• _Task directions_
No pictures belong in the copy. Reproduce exactly the lines beginning at the line containing "this 474×339 image." and continuing to the end of the entries below.

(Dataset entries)
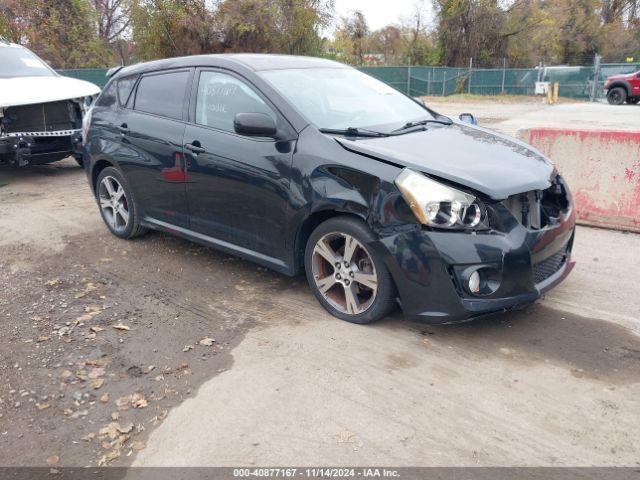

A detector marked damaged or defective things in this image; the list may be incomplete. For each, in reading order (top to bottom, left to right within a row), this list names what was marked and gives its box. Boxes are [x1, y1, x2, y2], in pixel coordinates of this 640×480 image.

crumpled hood [0, 75, 100, 108]
damaged front bumper [0, 129, 83, 167]
crumpled hood [336, 123, 556, 200]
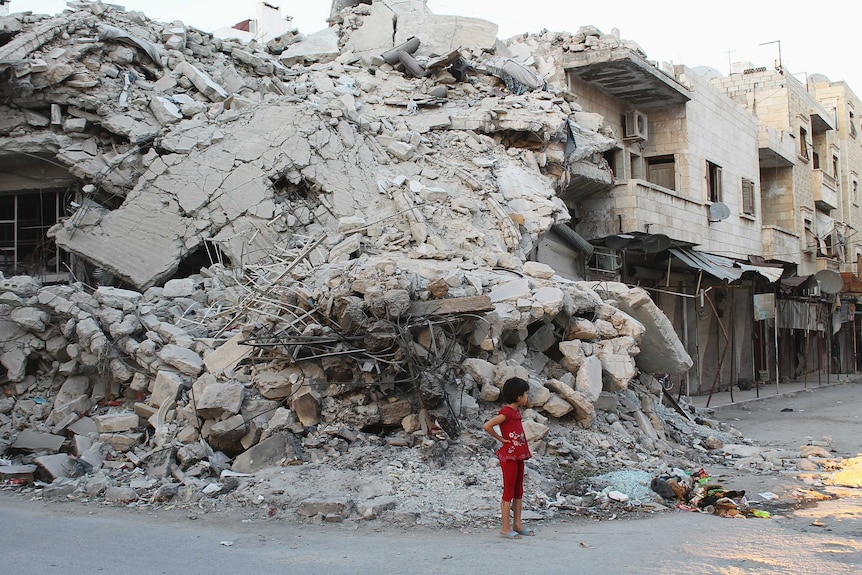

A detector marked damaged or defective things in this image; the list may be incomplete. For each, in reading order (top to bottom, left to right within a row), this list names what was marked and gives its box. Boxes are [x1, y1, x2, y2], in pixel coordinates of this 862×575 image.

broken concrete chunks [175, 61, 228, 103]
broken concrete chunks [157, 346, 204, 378]
broken concrete chunks [151, 368, 185, 410]
broken concrete chunks [197, 382, 246, 418]
broken concrete chunks [290, 388, 320, 428]
broken concrete chunks [11, 430, 64, 452]
broken concrete chunks [33, 454, 73, 482]
broken concrete chunks [298, 498, 356, 520]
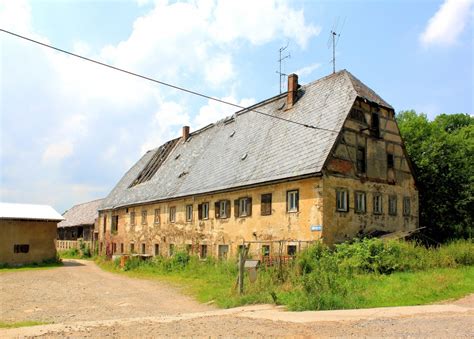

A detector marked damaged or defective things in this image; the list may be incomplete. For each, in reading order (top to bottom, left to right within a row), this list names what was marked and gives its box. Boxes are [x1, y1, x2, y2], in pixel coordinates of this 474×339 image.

broken roof section [99, 70, 388, 211]
broken roof section [0, 203, 64, 222]
broken roof section [58, 199, 103, 228]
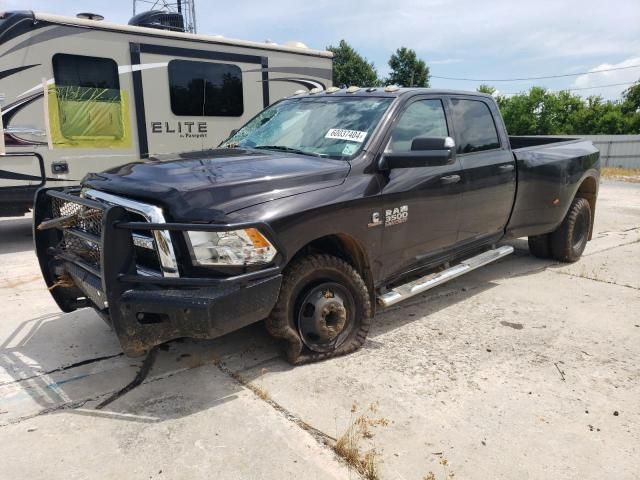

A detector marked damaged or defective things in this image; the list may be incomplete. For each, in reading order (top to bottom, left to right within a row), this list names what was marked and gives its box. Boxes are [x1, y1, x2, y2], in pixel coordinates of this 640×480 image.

cracked windshield [222, 96, 392, 159]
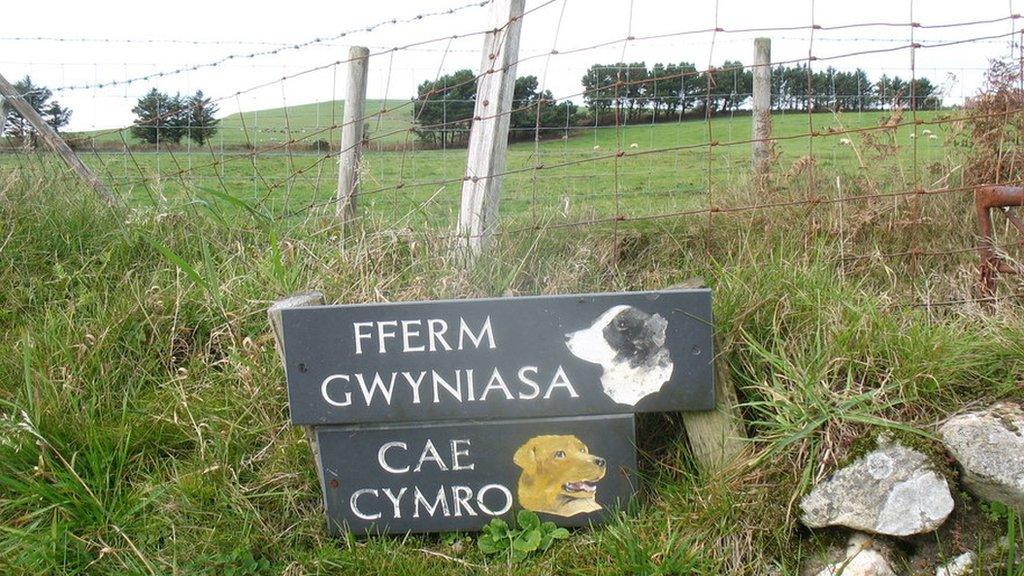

• _Answer space_
A detector marked damaged or defective things in this image; the list may be incomplete. For each, in reading order (top to bottom, left to right within a row), this list names what was marked and gives its box. Boxes are [x1, y1, x2, y2], in pixel coordinates of this 474×339 image.

broken roof section [99, 70, 388, 211]
broken roof section [0, 203, 64, 222]
broken roof section [58, 199, 103, 228]

A detector marked damaged or defective things in this image; the list may be incomplete. For each, in reading order (top to bottom, left to right within a row), this list names what was marked and gives its box. Boxes are [x1, y1, x2, y2], in pixel coordinates of this 640×480 image.

cracked windshield [222, 96, 392, 159]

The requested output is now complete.